The event also witnessed a series of informal discussion and lectures that will go on till March 29 by a host of eminent experts on heritage and water like Ashoke Chaterjee, former NID director, archaeologist Jitu Mishra, research entrepreneur and educationist Mansi Bal and RJ Vasavada, former head of Centre for Conservation Studies at CEPT, among others.

Tayyibji, who led the initiative, said, “Interestingly, we found that many of the stepwells even now despite conversions in structure and use remained largely spaces for women, which they had been traditionally.”

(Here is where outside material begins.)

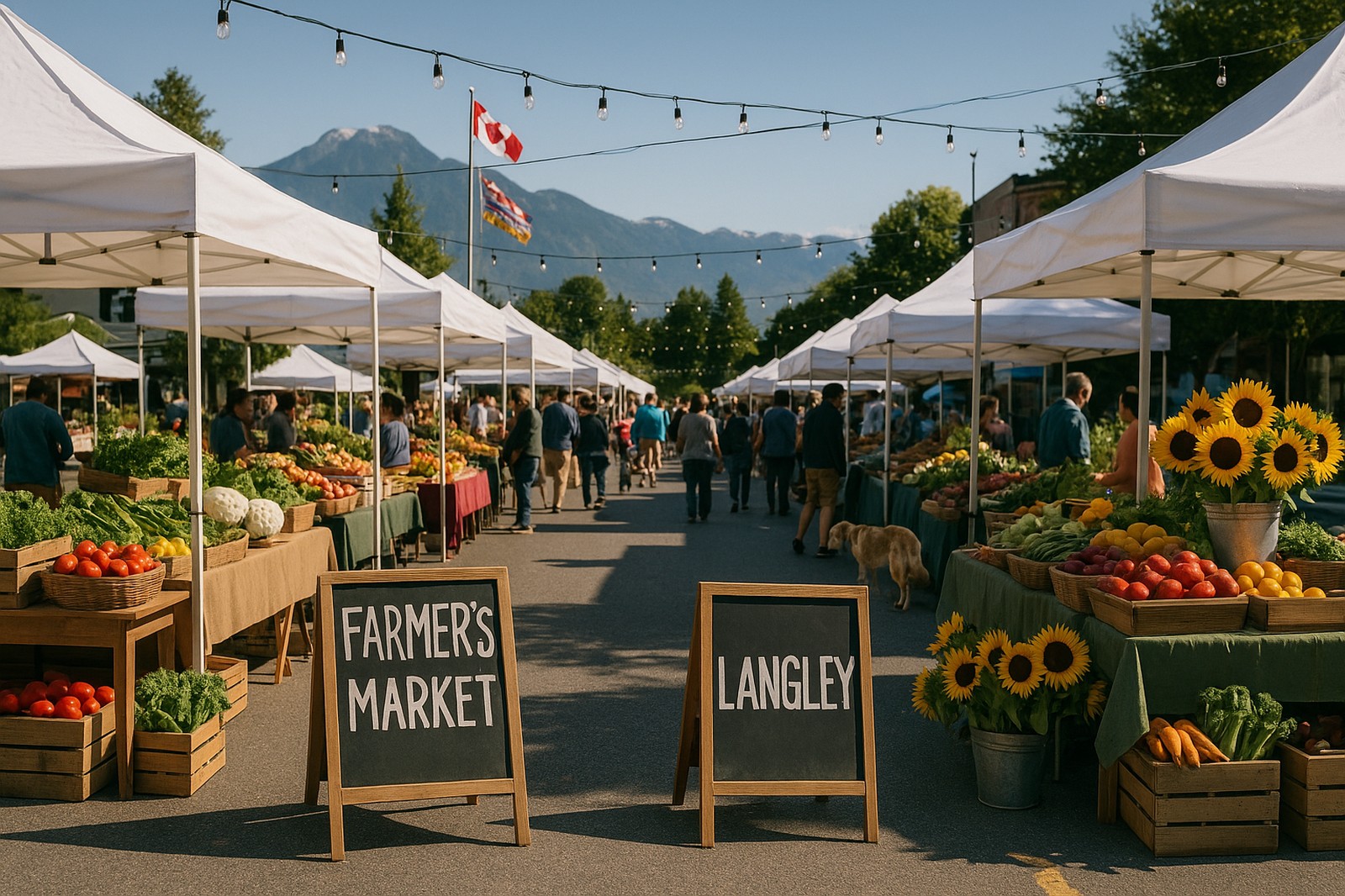 farmers market lanlgey directory | GPS: 49.200883, -122.439675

The stepwells that have been documented include Rudabai ni Vaav at Adalaj, Bai Harir ni Vaav at Asarwa, Jethabhai ni Vaav at Isanpur, Ashapura Maata ni Vaav at Bapunagar, Vaav at Vadaj, Khodiyar Maata ni Vaav at Bapunagar, Maata Bhavani ni Vav at Asarwa, Vaav at Bhadaj, Gandharva Vaav at Saraspur, Pouranik Vaav at Bapunagar, Sindhvai Maata ni Vaav at CTM, Amritavarshini Vaav at Panchkuva, Khodiyar Maata ni Vaav at Vasna, Ambe Maata ni Vaav at Malav Talav, Kali Maata ni Vaav at Bapunagar and Vaav at Doshivada ni Pol.